The entire electric power sector in the U.S. accounts for about 28% of U.S. CO2 emissions per EPA data here. The MAGICC calculator allows us to input assumptions for the percentage by which U.S. emissions will be reduced, and for the assumed sensitivity of the climate to such reductions, and to then calculate the effect on world temperatures. Let’s assume that with sufficient regulation we could eliminate as much as 70% of the emissions from the U.S. electric power sector, which would reduce total U.S. emissions by about 20%; and we’ll assume a ridiculously-high climate sensitivity of 3 deg C for a doubling of CO2 in the atmosphere. What would be the effect? The answer is (drumroll!!!!!) that that huge reduction in emissions would achieve about 0.013 deg C reduction in world temperatures by 2050 and 0.018 deg C by 2100. Oh, but the CPP only seeks to reduce emissions from the power sector by about 30%. So divide those numbers by about 2. It comes to 0.0065 deg C by 2050 and 0.009 deg C by 2100. For comparison, recognize that the measurement accuracy of the best instruments we have to measure world temperatures (satellites) is about 0.1 deg C, or 10-15 times these highly theoretical effects. So these projected changes in world temperatures would be well less than anything that could be measured.
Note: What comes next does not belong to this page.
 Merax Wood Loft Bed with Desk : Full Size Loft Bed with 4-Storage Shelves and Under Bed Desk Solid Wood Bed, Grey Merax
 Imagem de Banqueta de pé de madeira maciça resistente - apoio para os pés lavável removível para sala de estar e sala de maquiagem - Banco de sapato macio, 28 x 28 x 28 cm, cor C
Why again is there some kind of rush to decide this case?

Let’s try another relevant data point. The U.S. currently has about 266 GW of coal-fired electricity generation capacity. What’s going on in China? The answer is that, despite statements made in the international arena about reducing or stopping its construction of additional coal capacity, China has in fact proceeded full speed ahead — and currently has under construction some 259 GW of new coal-fired capacity, just a shade less than the entire U.S. existing fleet. This fact comes from a brand-new (September 20) report from a group called EndCoal, anti-coal campaigners who are actually rather upset by what is going on. Their source is satellite images of the plants under construction, many of them appearing in their report. From EndCoal:

  • 259 Gigawatts (GW) of new capacity are under development in China, comparable to the entire U.S. coal fleet (266 GW). This represents a 25% increase in China’s coal power fleet. (Note: A typical coal-fired generating unit is 300–1,000 Megawatts, or 0.3–1.0 GW, in size, with most power stations having two or more such units.) . . .
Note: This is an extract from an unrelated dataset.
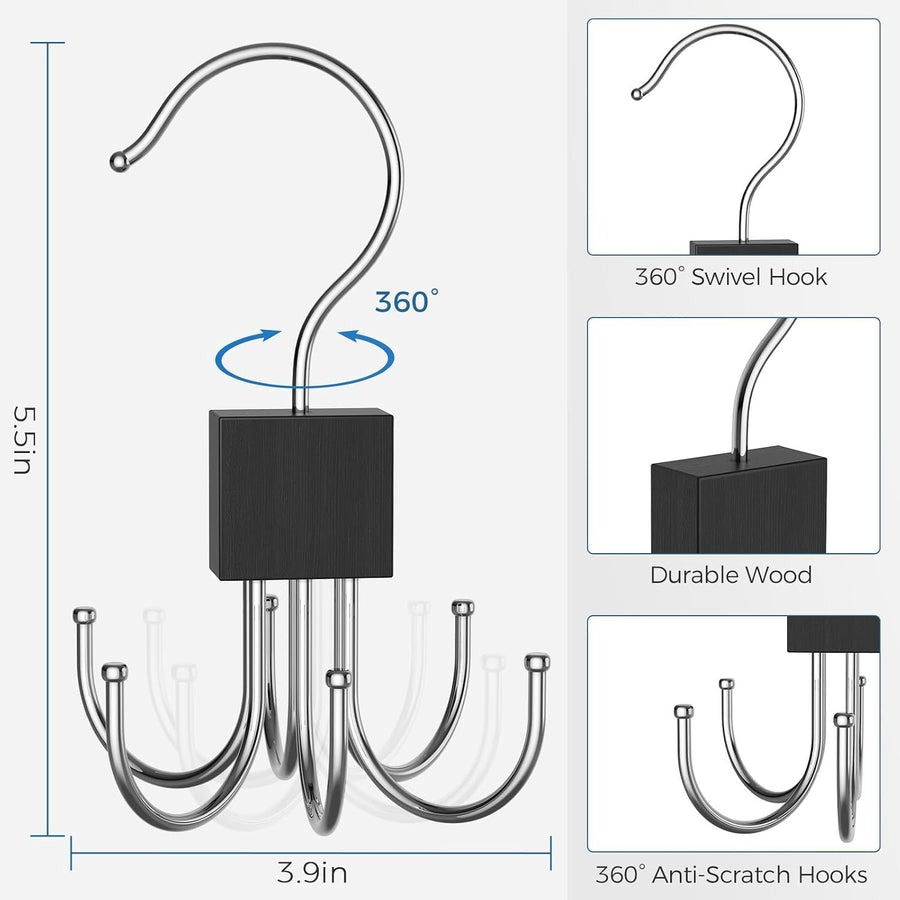 3 Piece Rotating Belt Hanger Holds up to 24 Belts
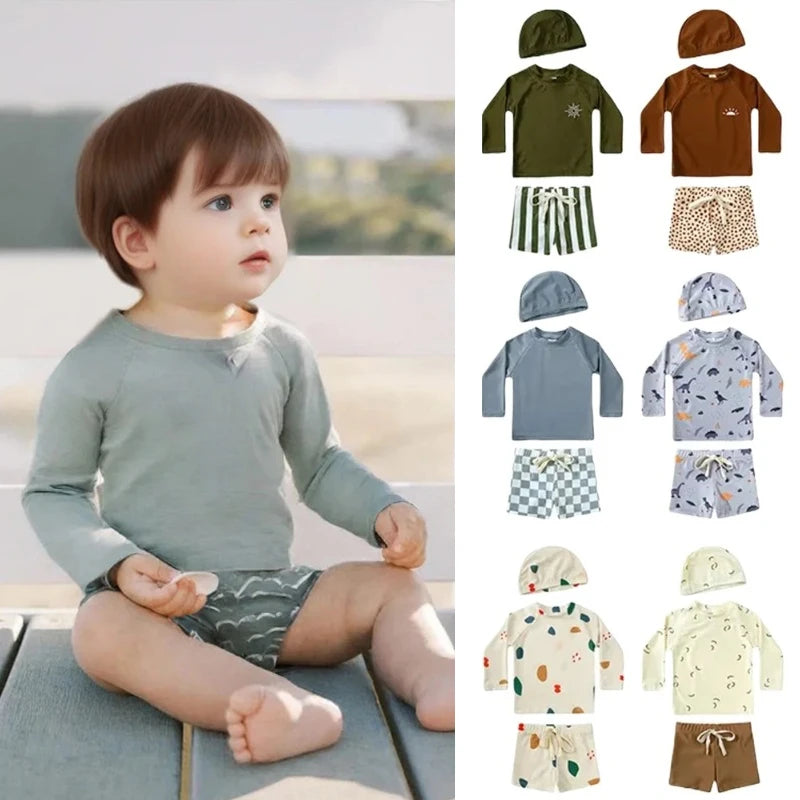 2025 Summer Baby Boys Swimsuit Long Sleeves One Piece Swimwear for Kids Toddler Cartoon UPF50+ Rash Guards Infant Bathing Sui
  • China’s developmental pipeline places it on a trajectory to exceed its own announced 1100 GW coal power cap through 2020, with coal power capacity already at 993 GW in 2018.

  • Adding 259 GW of new coal power in China is wildly out of line with the Paris climate agreement. According to the IEA, a 50% chance of limiting future temperature increases to 1.75°C requires China phase out its traditional coal plants by 2045.

With a little calculation there, you can figure out that China already has well more than 3 times the coal generating capacity of the U.S., and the new plants will take it to well more than 4 times. Anyway, don’t let yourself get too upset by this — the entire world pipeline for new coal plants is more like 1700 GW (well more than 6 times the U.S. fleet), and there’s plenty more to come when those plants are up and running. Hey, the third world needs electricity!

It’s really hard to conceive of a bigger exercise in total futility than the anti-carbon efforts of the previous administration.

UPDATE, September 28: This post has been slightly edited for accuracy, particularly as to the arithmetical calculations from the MAGICC model. The changes to the numbers are not material.